### RECORDS:
-----

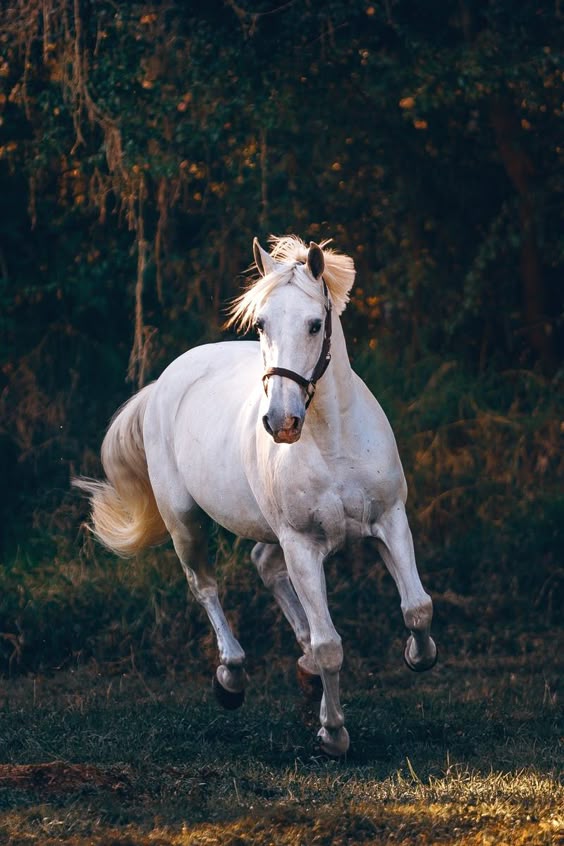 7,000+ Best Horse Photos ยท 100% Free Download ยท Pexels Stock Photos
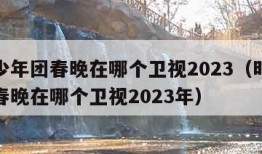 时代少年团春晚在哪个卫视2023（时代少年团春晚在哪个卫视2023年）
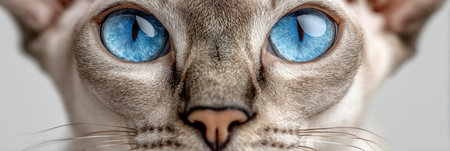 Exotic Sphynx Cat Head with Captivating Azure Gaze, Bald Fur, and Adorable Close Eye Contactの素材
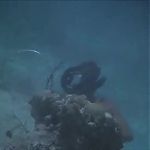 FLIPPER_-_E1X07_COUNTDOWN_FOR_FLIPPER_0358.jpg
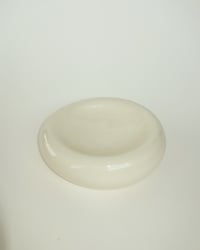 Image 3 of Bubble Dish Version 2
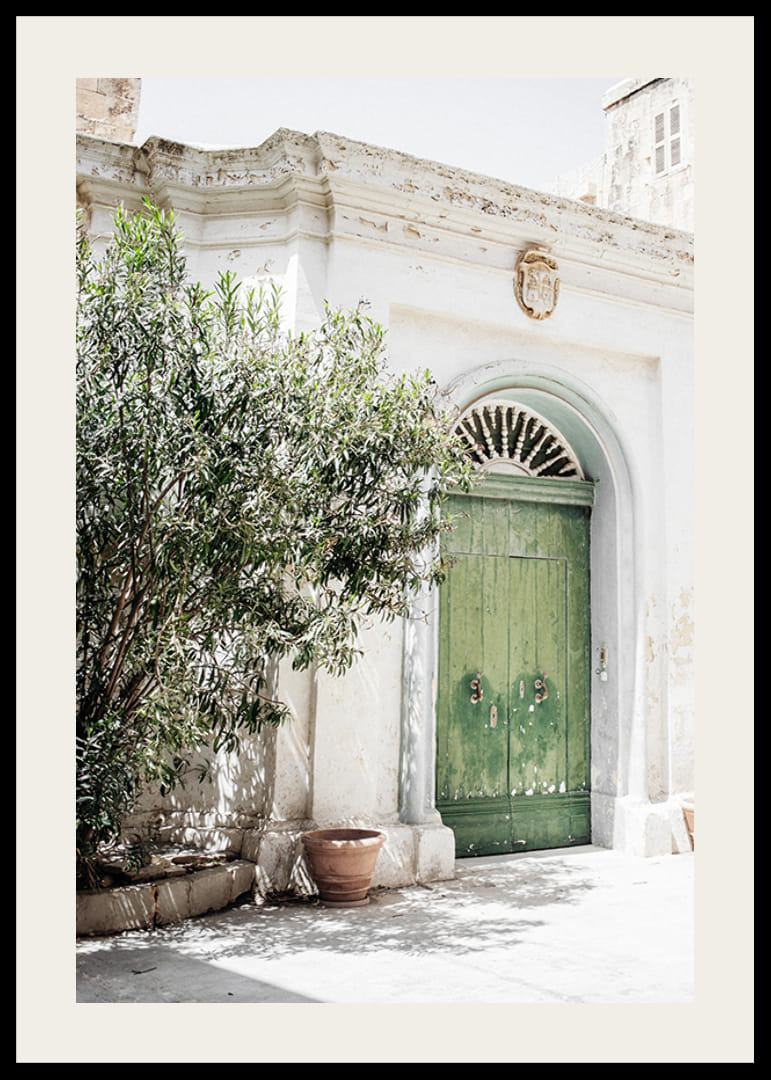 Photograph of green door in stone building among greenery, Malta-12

-----

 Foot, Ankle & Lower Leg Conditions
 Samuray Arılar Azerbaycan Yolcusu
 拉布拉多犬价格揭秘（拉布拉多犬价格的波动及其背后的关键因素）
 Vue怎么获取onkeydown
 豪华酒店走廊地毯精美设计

-----

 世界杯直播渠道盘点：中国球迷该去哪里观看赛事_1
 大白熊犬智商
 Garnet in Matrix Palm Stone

-----

### REQUIRED WORK:
Using the material above, transcribe exactly the lines from the one holding "7,000+ Best Horse" to the one holding "Photograph of green", both ends kept. Do not carry over any pictures.

### EXPECTED OUTPUT:
 7,000+ Best Horse Photos ยท 100% Free Download ยท Pexels Stock Photos
 时代少年团春晚在哪个卫视2023（时代少年团春晚在哪个卫视2023年）
 Exotic Sphynx Cat Head with Captivating Azure Gaze, Bald Fur, and Adorable Close Eye Contactの素材
 FLIPPER_-_E1X07_COUNTDOWN_FOR_FLIPPER_0358.jpg
 Image 3 of Bubble Dish Version 2
 Photograph of green door in stone building among greenery, Malta-12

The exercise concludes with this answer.